(Problem details): Your answer must be an exact copy of the records below, with no pictures in it.
##### Data for this task
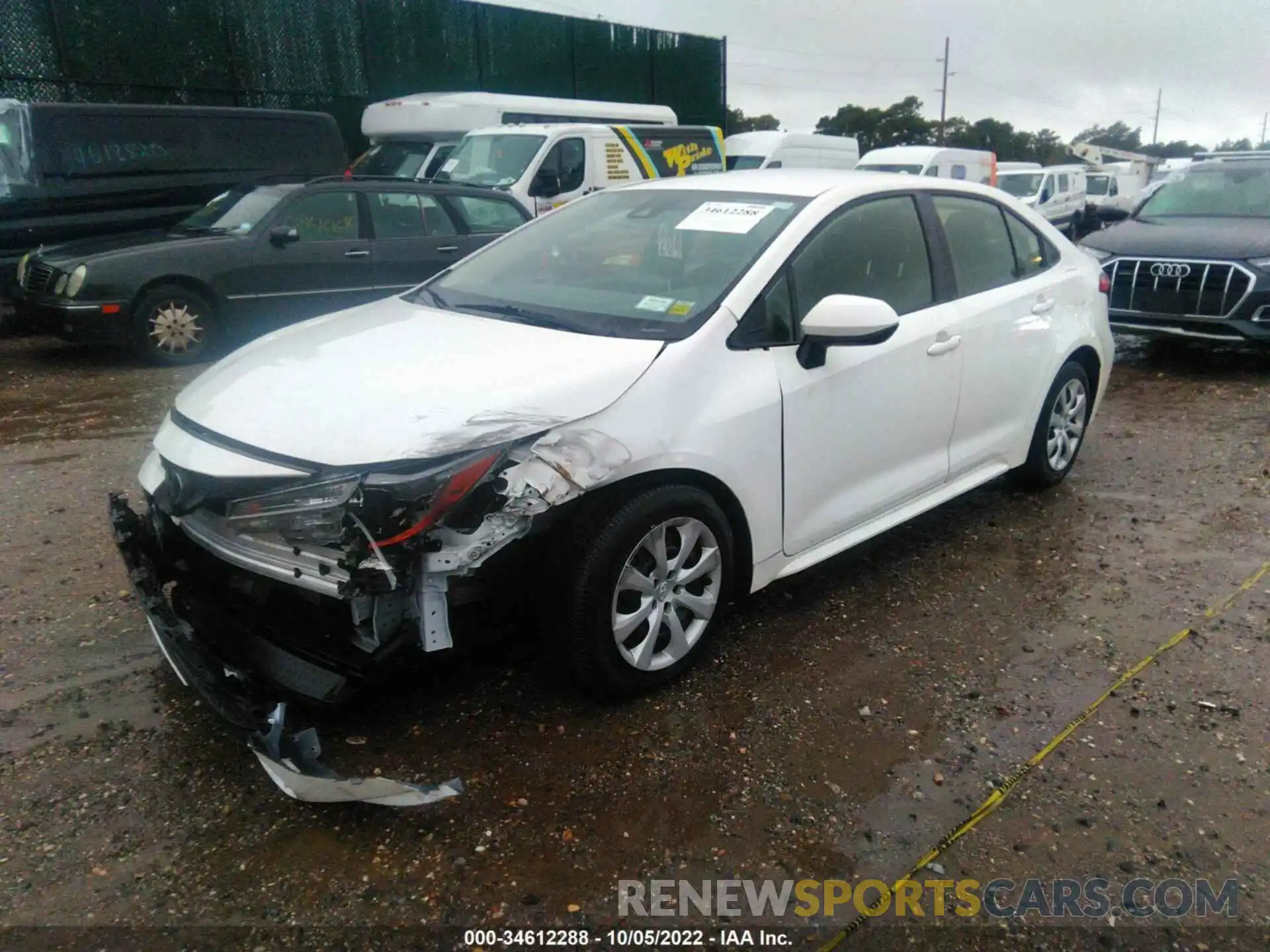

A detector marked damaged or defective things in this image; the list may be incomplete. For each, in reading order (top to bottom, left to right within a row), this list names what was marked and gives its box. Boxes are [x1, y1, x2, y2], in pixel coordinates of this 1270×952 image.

bent hood [1080, 218, 1270, 258]
bent hood [172, 294, 659, 465]
shattered headlight [225, 473, 357, 542]
damaged white sedan [116, 171, 1111, 804]
crumpled front bumper [109, 492, 463, 809]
##########
(Task result):
A detector marked damaged or defective things in this image; the list may be incomplete. For each, in reading order (top to bottom, left to right within a row), this list names what was marked and gives its box. Boxes are [x1, y1, x2, y2], in pixel coordinates of this 1270×952 image.

bent hood [1080, 218, 1270, 258]
bent hood [172, 294, 659, 465]
shattered headlight [225, 473, 357, 542]
damaged white sedan [116, 171, 1111, 804]
crumpled front bumper [109, 492, 463, 809]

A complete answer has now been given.